WORK TASK
Output the listing below exactly, minus its images.

SUPPLIED MATERIAL
= Beginning of Section =
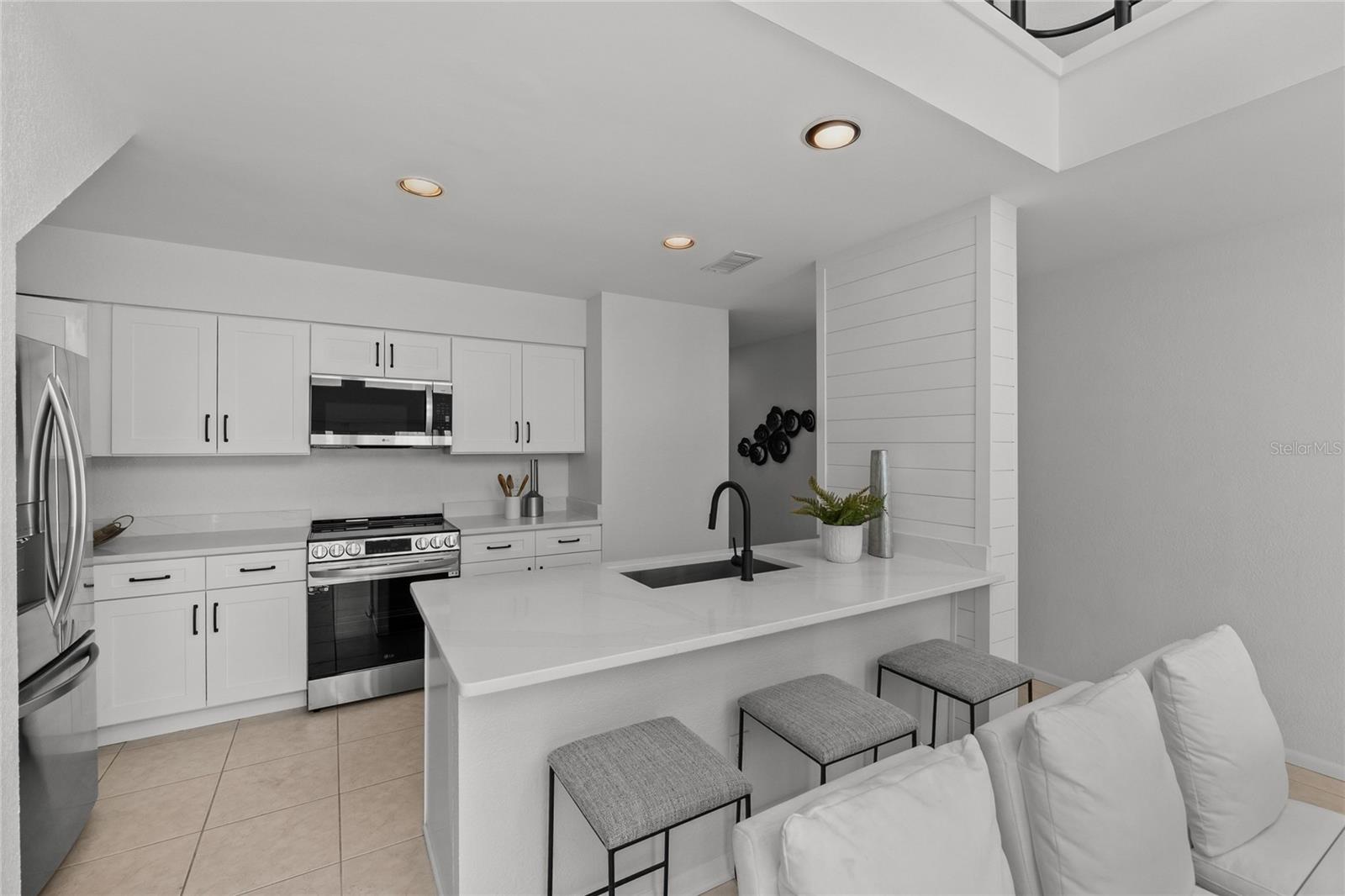 Beautiful Kitchen.  New cabinets, quartz counters and SS appliances.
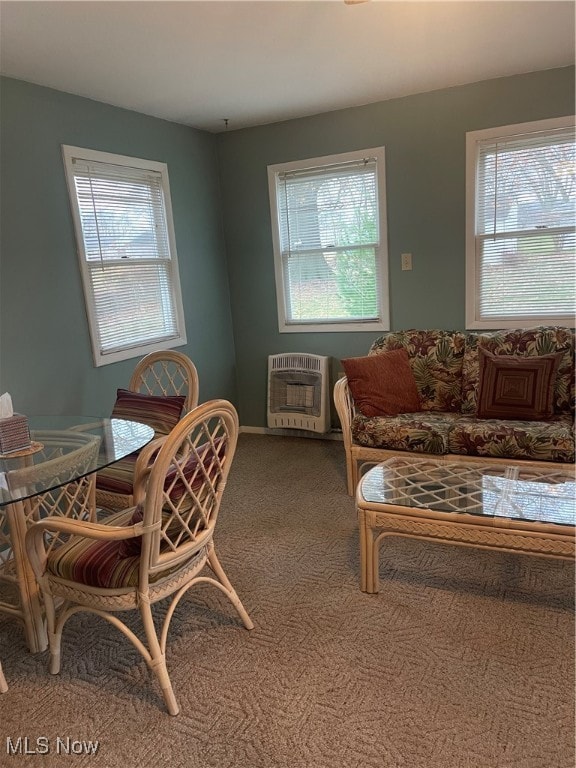 dining area featuring heating unit, carpet, and a healthy amount of sunlight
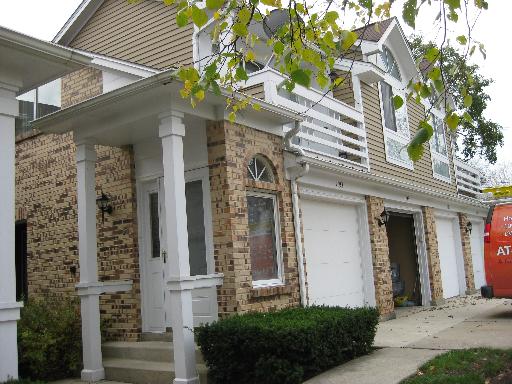 1197 Ranchview Court, Unit 1197 Buffalo Grove, IL 60089 - Photo 1 of 6 a front view of a house with a garden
= End of Section =
ANSWER FOR THIS EXERCISE
 Beautiful Kitchen.  New cabinets, quartz counters and SS appliances.
 dining area featuring heating unit, carpet, and a healthy amount of sunlight
 1197 Ranchview Court, Unit 1197 Buffalo Grove, IL 60089 - Photo 1 of 6 a front view of a house with a garden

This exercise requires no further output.